Exercise objective =>
The span to repeat in the listing below runs from the line containing "First we'll start" to the line containing "I forgot about", inclusive. Repeat it exactly, and only it.

BEGIN

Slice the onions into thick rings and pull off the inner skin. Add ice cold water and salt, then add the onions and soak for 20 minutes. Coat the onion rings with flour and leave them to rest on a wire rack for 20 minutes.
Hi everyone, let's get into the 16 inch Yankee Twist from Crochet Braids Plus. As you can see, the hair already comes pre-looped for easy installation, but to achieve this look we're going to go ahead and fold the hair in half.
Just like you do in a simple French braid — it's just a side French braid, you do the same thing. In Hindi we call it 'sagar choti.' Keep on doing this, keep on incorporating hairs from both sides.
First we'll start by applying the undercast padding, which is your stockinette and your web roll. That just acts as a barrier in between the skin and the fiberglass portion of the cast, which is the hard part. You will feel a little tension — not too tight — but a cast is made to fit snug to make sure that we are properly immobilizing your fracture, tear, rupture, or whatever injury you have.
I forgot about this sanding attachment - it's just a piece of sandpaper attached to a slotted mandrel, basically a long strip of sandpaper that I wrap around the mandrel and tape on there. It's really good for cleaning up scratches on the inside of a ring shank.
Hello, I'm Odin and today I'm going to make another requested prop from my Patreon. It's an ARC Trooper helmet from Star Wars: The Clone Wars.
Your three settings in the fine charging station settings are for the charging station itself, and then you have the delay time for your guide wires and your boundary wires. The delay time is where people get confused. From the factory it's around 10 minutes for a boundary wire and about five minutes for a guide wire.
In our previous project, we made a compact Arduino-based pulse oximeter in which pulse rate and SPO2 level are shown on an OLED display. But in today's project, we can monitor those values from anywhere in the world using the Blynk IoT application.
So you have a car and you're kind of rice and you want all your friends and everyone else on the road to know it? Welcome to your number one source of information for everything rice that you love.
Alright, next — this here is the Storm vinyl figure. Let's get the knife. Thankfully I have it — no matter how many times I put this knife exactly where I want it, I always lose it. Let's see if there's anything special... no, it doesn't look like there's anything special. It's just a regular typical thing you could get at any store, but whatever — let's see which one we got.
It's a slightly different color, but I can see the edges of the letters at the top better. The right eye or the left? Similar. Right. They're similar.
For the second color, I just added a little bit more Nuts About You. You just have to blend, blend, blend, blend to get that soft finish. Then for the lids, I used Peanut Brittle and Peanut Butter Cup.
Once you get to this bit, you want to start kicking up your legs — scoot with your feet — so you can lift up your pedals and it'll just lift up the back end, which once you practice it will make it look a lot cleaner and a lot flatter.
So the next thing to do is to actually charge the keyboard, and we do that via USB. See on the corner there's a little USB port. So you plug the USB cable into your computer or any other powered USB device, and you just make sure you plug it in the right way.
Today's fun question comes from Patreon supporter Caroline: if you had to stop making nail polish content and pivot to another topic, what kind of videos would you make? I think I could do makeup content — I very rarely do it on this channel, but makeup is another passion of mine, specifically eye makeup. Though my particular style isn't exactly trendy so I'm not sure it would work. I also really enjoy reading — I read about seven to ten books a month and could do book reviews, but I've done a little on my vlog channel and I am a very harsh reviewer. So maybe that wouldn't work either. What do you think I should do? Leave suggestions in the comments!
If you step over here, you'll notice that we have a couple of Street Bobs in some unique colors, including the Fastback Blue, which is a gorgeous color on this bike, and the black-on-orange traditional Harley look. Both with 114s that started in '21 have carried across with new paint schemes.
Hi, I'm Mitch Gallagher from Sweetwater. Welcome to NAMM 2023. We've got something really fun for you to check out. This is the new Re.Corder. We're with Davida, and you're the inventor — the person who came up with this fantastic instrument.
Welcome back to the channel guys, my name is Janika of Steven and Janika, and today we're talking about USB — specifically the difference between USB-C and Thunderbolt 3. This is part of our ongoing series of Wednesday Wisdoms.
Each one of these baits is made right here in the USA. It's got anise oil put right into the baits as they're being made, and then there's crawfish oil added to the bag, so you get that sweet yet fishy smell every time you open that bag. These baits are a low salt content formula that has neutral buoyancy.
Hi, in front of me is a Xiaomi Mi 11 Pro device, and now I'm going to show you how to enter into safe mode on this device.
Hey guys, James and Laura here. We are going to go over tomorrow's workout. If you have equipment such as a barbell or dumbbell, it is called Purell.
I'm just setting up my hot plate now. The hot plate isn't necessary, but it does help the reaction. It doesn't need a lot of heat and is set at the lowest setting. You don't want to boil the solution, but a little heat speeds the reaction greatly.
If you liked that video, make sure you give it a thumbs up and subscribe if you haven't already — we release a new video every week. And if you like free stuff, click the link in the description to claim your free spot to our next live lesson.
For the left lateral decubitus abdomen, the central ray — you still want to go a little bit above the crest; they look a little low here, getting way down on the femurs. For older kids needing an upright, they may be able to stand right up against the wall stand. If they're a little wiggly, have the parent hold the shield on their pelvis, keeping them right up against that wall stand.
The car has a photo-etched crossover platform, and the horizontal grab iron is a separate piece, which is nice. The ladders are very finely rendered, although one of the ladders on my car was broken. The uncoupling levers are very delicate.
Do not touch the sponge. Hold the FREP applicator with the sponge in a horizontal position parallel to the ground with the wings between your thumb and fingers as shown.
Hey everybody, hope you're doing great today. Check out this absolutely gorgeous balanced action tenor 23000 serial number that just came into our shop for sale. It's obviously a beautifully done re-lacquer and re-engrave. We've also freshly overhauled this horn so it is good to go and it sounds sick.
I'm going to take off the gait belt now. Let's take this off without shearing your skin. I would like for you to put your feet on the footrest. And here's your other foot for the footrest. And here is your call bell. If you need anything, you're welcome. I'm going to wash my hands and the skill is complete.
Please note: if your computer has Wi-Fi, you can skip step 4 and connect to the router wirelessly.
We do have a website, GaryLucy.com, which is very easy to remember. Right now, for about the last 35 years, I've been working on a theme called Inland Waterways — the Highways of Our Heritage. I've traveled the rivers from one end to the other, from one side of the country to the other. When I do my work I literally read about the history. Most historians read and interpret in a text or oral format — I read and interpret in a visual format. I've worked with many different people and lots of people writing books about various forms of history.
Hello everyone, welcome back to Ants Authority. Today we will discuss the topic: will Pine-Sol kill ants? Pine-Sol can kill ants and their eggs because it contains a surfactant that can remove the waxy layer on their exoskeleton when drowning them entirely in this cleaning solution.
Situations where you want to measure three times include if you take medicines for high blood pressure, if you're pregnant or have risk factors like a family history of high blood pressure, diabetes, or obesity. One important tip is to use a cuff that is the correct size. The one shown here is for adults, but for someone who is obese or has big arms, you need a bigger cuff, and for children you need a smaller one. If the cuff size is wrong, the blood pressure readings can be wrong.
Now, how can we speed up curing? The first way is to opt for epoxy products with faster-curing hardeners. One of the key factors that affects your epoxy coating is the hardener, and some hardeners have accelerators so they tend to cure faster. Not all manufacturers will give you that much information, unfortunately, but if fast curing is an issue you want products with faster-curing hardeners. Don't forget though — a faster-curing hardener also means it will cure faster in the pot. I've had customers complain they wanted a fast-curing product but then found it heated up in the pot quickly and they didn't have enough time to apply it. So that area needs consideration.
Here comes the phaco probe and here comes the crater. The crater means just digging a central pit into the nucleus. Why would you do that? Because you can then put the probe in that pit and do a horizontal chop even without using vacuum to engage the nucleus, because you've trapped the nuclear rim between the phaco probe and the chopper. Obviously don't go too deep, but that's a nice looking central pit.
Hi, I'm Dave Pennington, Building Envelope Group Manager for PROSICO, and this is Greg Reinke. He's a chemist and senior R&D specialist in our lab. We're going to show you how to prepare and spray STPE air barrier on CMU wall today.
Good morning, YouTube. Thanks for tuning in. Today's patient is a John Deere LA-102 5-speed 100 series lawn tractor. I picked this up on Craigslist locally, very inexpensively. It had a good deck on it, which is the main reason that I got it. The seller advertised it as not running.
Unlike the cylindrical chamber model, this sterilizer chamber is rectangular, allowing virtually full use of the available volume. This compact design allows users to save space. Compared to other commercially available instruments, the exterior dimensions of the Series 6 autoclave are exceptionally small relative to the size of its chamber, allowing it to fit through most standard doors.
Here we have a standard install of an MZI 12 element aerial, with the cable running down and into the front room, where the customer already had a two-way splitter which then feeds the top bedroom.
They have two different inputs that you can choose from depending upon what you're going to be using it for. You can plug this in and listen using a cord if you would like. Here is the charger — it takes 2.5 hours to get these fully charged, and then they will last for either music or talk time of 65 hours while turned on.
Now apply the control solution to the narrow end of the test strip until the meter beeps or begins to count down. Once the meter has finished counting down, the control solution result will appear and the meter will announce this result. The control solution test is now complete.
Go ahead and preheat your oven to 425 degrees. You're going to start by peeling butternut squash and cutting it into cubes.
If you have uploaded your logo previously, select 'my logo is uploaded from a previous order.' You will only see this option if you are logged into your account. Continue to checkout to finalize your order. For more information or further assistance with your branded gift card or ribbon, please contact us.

END

Written response =>
First we'll start by applying the undercast padding, which is your stockinette and your web roll. That just acts as a barrier in between the skin and the fiberglass portion of the cast, which is the hard part. You will feel a little tension — not too tight — but a cast is made to fit snug to make sure that we are properly immobilizing your fracture, tear, rupture, or whatever injury you have.
I forgot about this sanding attachment - it's just a piece of sandpaper attached to a slotted mandrel, basically a long strip of sandpaper that I wrap around the mandrel and tape on there. It's really good for cleaning up scratches on the inside of a ring shank.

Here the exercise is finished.